___ Data provided
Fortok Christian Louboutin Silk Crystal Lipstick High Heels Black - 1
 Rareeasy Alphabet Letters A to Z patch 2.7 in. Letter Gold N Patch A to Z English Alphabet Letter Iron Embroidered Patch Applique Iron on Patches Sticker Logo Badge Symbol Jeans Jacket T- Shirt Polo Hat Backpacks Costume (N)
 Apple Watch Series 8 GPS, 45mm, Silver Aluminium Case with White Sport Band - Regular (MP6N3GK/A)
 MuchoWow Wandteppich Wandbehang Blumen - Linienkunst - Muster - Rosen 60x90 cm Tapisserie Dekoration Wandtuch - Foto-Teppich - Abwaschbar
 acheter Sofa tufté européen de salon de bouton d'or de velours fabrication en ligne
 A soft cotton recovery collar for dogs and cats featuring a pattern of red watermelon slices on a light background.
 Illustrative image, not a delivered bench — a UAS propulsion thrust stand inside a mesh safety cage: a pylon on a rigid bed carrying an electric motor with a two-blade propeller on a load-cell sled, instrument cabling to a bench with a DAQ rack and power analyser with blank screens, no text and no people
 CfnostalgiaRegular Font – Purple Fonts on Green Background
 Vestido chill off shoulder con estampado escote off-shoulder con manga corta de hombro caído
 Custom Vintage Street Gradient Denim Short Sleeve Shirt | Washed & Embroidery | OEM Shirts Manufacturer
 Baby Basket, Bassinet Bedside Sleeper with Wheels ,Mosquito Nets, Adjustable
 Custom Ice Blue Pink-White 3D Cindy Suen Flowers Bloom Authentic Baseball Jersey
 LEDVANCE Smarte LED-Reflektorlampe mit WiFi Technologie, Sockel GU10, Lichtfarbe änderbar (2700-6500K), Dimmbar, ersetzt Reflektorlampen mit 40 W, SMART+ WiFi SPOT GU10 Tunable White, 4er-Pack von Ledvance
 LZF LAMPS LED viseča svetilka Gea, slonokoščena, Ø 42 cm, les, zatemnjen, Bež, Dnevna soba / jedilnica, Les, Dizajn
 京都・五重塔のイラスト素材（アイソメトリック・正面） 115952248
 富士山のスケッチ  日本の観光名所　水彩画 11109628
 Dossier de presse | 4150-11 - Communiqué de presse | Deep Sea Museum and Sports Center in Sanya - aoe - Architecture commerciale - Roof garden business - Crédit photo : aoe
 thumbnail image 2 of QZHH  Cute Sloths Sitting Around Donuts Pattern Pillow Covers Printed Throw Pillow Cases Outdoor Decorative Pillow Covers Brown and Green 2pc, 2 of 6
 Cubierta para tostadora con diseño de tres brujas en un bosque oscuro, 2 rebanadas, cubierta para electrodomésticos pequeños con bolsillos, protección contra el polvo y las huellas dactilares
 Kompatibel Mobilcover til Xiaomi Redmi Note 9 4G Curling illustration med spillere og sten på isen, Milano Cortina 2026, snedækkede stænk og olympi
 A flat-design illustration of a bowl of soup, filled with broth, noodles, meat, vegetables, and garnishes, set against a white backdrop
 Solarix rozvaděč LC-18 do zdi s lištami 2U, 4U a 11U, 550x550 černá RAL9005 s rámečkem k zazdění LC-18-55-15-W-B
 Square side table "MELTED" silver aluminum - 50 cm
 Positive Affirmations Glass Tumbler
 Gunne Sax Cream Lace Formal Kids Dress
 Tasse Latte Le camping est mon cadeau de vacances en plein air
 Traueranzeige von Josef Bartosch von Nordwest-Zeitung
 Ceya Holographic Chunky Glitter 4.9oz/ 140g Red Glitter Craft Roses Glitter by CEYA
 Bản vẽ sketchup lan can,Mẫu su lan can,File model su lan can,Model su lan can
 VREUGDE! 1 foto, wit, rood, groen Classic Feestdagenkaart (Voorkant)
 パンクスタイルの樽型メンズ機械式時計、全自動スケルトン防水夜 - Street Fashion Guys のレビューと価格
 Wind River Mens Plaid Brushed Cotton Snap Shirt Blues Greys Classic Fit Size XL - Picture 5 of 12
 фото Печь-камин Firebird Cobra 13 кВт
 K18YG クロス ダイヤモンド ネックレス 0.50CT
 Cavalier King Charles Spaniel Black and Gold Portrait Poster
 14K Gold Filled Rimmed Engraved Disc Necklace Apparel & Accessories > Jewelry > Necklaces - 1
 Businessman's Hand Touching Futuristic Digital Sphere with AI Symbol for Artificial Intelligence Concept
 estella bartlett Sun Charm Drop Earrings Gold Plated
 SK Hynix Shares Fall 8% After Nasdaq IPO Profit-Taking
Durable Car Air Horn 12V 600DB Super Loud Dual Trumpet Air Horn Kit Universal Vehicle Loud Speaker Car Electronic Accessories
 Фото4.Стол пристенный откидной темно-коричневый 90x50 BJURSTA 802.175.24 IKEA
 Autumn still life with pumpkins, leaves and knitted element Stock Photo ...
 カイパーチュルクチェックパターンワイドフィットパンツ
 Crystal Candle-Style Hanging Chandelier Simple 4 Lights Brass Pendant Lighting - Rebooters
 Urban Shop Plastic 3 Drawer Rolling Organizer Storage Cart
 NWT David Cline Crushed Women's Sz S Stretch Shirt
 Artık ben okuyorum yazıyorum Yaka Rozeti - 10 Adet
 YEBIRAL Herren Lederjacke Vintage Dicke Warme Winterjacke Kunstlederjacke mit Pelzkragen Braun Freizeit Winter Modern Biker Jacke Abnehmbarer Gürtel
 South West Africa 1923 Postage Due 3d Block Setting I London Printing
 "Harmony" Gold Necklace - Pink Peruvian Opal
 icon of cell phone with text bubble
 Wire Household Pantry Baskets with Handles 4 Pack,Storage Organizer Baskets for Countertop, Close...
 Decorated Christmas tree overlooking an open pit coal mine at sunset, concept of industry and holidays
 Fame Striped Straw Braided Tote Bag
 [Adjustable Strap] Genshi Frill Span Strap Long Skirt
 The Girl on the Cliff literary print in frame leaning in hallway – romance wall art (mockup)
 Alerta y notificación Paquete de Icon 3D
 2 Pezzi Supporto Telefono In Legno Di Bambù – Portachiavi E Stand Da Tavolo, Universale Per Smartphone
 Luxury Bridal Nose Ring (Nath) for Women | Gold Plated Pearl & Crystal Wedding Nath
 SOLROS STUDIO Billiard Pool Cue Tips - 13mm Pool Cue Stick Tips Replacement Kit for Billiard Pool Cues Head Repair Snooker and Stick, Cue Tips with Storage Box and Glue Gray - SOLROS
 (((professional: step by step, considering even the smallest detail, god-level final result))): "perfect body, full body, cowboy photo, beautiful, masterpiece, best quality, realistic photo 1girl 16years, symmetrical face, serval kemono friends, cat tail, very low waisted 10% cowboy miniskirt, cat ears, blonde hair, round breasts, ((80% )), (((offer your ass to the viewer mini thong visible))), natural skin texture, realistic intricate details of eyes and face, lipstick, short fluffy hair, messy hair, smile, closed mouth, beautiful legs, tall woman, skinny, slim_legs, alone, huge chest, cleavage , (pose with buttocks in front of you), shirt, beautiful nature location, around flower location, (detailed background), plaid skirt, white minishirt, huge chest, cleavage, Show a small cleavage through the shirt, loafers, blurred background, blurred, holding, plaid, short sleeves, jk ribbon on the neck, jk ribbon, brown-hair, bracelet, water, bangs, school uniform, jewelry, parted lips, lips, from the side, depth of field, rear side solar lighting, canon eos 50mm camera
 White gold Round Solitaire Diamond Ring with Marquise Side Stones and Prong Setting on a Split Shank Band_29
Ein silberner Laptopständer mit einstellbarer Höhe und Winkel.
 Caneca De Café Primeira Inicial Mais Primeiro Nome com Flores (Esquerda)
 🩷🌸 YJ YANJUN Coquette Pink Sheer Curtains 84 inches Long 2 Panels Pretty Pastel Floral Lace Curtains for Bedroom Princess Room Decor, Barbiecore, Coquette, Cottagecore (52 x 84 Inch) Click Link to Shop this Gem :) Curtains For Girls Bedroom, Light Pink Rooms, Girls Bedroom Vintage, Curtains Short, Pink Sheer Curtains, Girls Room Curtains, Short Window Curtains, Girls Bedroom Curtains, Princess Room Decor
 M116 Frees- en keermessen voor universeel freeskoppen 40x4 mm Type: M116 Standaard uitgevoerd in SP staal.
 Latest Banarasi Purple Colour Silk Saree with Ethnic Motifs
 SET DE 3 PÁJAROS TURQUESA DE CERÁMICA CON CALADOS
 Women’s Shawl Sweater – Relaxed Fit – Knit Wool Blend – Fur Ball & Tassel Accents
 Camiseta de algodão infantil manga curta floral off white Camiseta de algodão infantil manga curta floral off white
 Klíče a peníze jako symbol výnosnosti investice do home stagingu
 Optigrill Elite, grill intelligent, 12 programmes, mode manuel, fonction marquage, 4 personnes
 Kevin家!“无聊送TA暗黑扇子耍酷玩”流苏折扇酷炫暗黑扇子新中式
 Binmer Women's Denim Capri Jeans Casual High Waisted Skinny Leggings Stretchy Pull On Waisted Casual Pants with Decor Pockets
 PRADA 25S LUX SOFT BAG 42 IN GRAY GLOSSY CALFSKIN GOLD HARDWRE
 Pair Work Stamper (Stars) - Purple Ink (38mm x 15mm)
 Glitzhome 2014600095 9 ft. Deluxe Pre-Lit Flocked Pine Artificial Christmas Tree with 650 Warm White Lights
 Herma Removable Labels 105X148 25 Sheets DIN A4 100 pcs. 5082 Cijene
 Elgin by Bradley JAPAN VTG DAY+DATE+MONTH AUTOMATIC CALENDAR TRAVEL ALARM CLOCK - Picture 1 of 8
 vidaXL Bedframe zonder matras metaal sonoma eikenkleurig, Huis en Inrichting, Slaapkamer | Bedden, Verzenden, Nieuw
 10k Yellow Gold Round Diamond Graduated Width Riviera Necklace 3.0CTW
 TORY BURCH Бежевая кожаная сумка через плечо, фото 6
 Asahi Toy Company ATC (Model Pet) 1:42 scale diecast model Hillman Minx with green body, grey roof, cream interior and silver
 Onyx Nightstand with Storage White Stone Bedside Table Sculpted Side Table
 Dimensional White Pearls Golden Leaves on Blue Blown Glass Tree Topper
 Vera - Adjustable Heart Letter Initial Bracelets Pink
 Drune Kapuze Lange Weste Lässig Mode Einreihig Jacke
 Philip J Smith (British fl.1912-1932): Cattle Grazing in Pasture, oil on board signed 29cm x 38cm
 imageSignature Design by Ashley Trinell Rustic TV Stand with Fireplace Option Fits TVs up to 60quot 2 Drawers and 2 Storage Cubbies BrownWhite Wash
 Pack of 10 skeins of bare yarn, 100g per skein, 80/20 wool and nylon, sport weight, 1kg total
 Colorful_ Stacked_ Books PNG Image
______
Where the line holding "NWT David Cline" appears in the listing above, start reproducing exactly, and end with the line holding "SOLROS STUDIO Billiard".

### Finished exercise
 NWT David Cline Crushed Women's Sz S Stretch Shirt
 Artık ben okuyorum yazıyorum Yaka Rozeti - 10 Adet
 YEBIRAL Herren Lederjacke Vintage Dicke Warme Winterjacke Kunstlederjacke mit Pelzkragen Braun Freizeit Winter Modern Biker Jacke Abnehmbarer Gürtel
 South West Africa 1923 Postage Due 3d Block Setting I London Printing
 "Harmony" Gold Necklace - Pink Peruvian Opal
 icon of cell phone with text bubble
 Wire Household Pantry Baskets with Handles 4 Pack,Storage Organizer Baskets for Countertop, Close...
 Decorated Christmas tree overlooking an open pit coal mine at sunset, concept of industry and holidays
 Fame Striped Straw Braided Tote Bag
 [Adjustable Strap] Genshi Frill Span Strap Long Skirt
 The Girl on the Cliff literary print in frame leaning in hallway – romance wall art (mockup)
 Alerta y notificación Paquete de Icon 3D
 2 Pezzi Supporto Telefono In Legno Di Bambù – Portachiavi E Stand Da Tavolo, Universale Per Smartphone
 Luxury Bridal Nose Ring (Nath) for Women | Gold Plated Pearl & Crystal Wedding Nath
 SOLROS STUDIO Billiard Pool Cue Tips - 13mm Pool Cue Stick Tips Replacement Kit for Billiard Pool Cues Head Repair Snooker and Stick, Cue Tips with Storage Box and Glue Gray - SOLROS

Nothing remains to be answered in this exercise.